Do you have a Nvidia based motherboard with onboard Ethernet with the Nvidia Firewall enabled/installed by accident?
- Whoa. This is something I've never thought of.. -- Sorry as far as motherboard based stuff goes, I don't know much.. I have:
MSI 865PE Neo2-P (apparently called a 'PFS' now )(?) - which does have onboard ethernet.. Sadly, that's all I can tell you at teh moment.. I'm currently researching as I've currently hit my knowledge border...


Doctor Olds
I Need A Remedy For What's Ailing Me.
Premium,VIP
join:2001-04-19
1970 442 W30
kudos:18
Zone Alarm is notorious for not turning off even when you tell it to. In fact, It can be partially uninstalled and still block all inbound connections.

I suggest finding a different firewall to use, download it now, disconnect from the net and then completely remove the Zone Alarm making sure none of it's components are still loading like vsmon.exe, ect. Then install the newly downloaded firewall and enable it before getting back online.

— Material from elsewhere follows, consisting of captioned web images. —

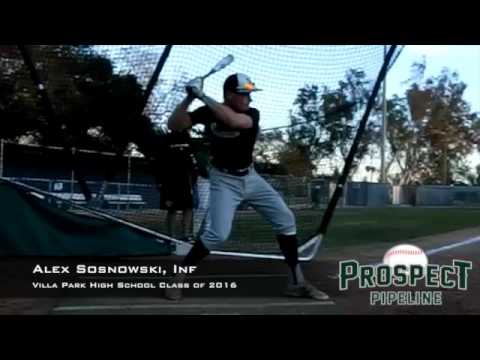 Alex Sosnowski, Inf, Villa Park  High School, Swing Mechanics at 200 FPS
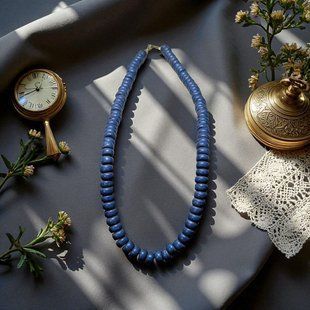 Ceramic necklace, women's jewelry made of natural ceramics. Necklace. Art. 93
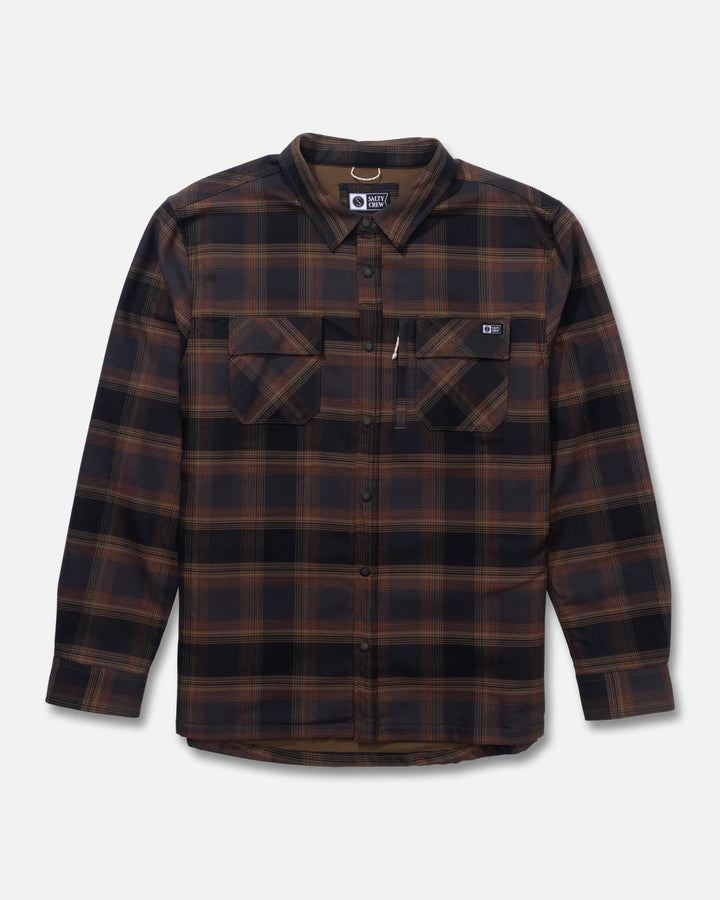 Salty Crew Fathom Tech Shacket - Phantom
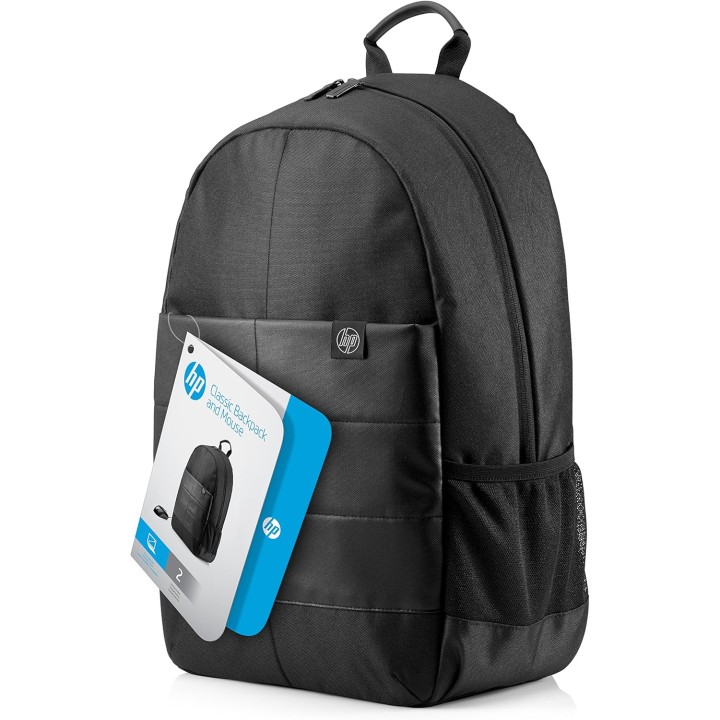 Sac à dos PC portable 15,6 pouces avec souris - Protection et organisation HP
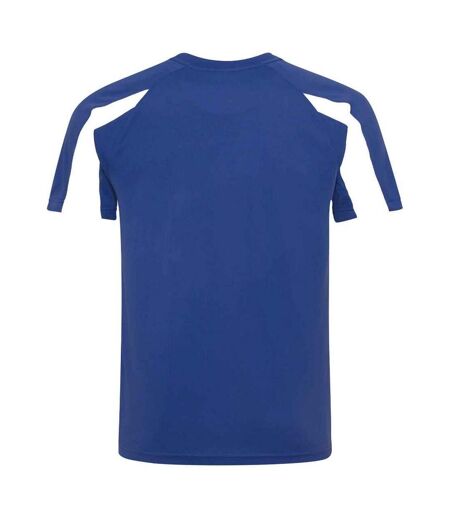 T-shirt Adulte Bleu Roi Blanc AWDis Cool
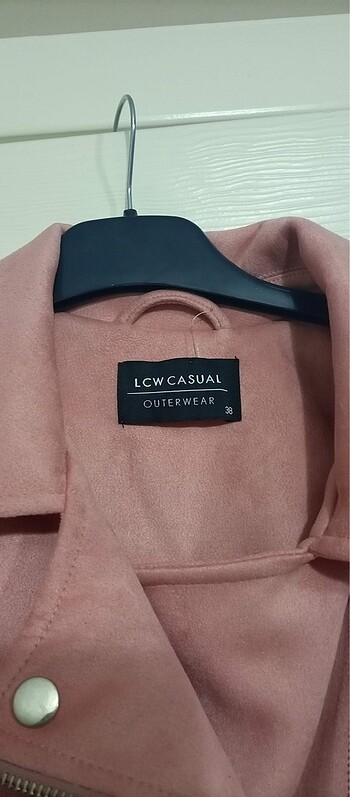 l Beden çeşitli Renk SIFIR ML NUBUK PUDRA BİKER CEKET LCW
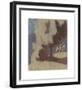 Chestnut Trees in Moonlight-Ernst Ludwig Kirchner-Framed Premium Giclee Print
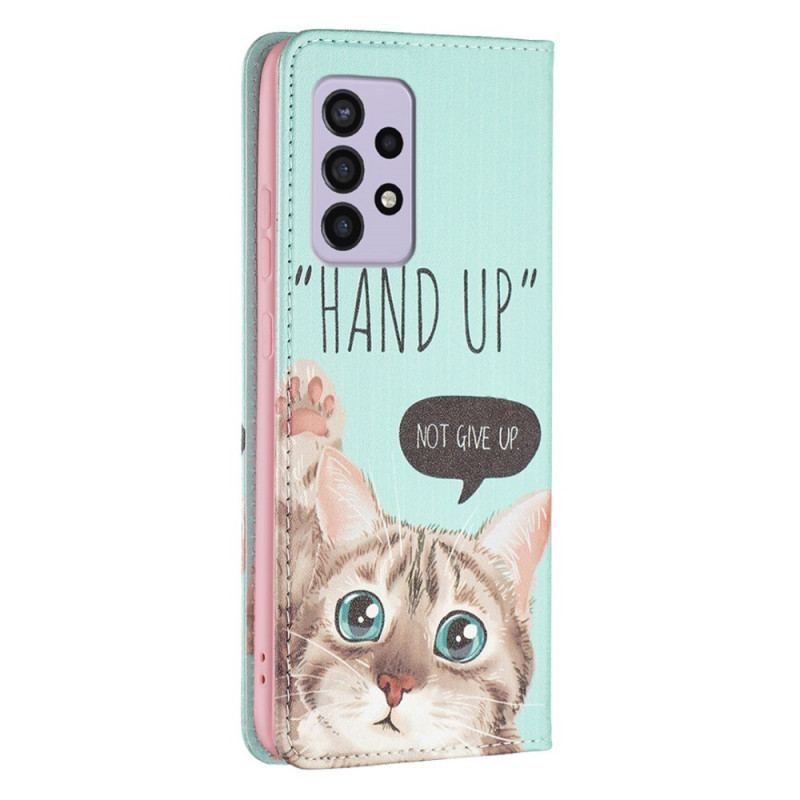 Capa De Celular Para Samsung Galaxy A33 5G Flip Hand-up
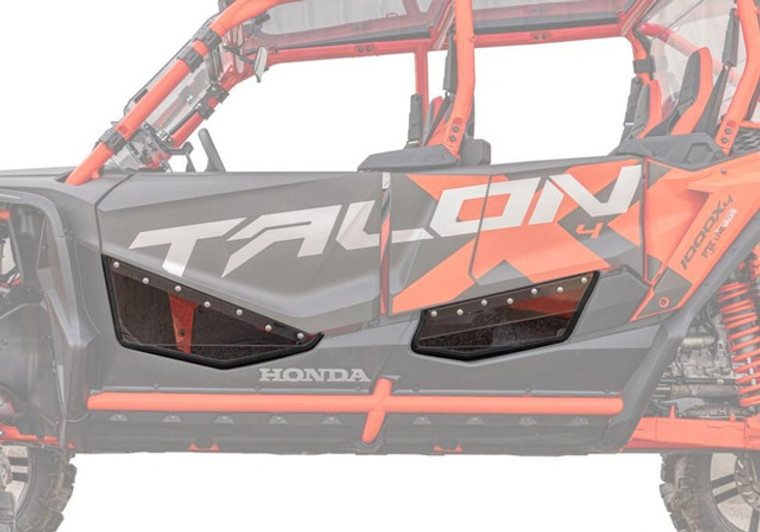 SuperATV Honda Talon 1000-4 Clear Lower Doors (4-Door) - DOOR-H-TALX4-001-75 SuperATV Honda Talon 1000-4 Clear Lower Doors (4-Door) - DOOR-H-TALX4-001-75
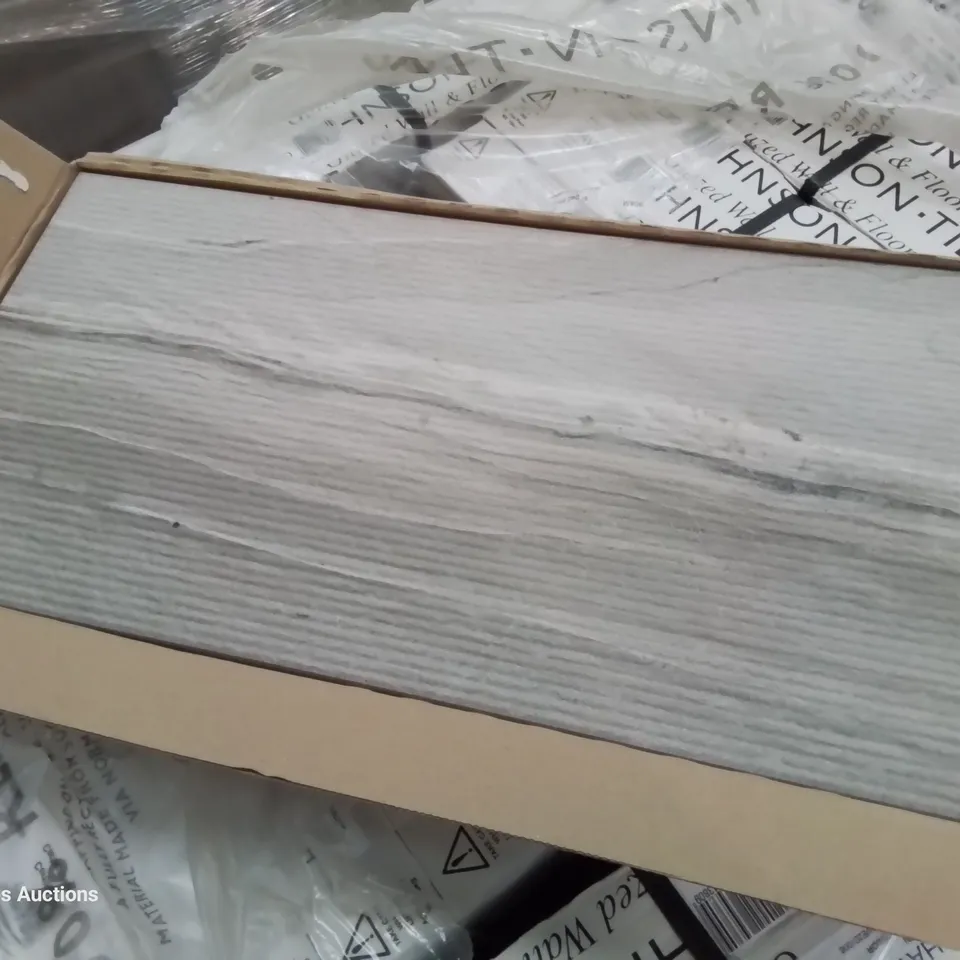 PALLET OF 40 × 5 BRAND NEW JOHNSONS HAVEN PEBBLE DECOR FLOOR TILES EACH 597 × 297 × 10mm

»nh2.nohold.net/noHoldCust25/Prod···nNT.html

Regards,

Doctor Olds
--
What’s the point of owning a supercar if you can’t scare yourself stupid from time to time?

giveer

join:2006-09-19
North York, ON
Okay, you can't tell from there, but my bum's in the breeze.. I am completely firewall/zonealarm-less... and - still, believe me I wish this wasn't the case.. I'm still completely stealthed.

In a way I feel like I've developed the world's first bulletproof computer, -- what about that motherboard firewall deal?.. I never found any information saying my board has one.. but a firewall being SOMEWHERE, is the only explanation.. I dunno.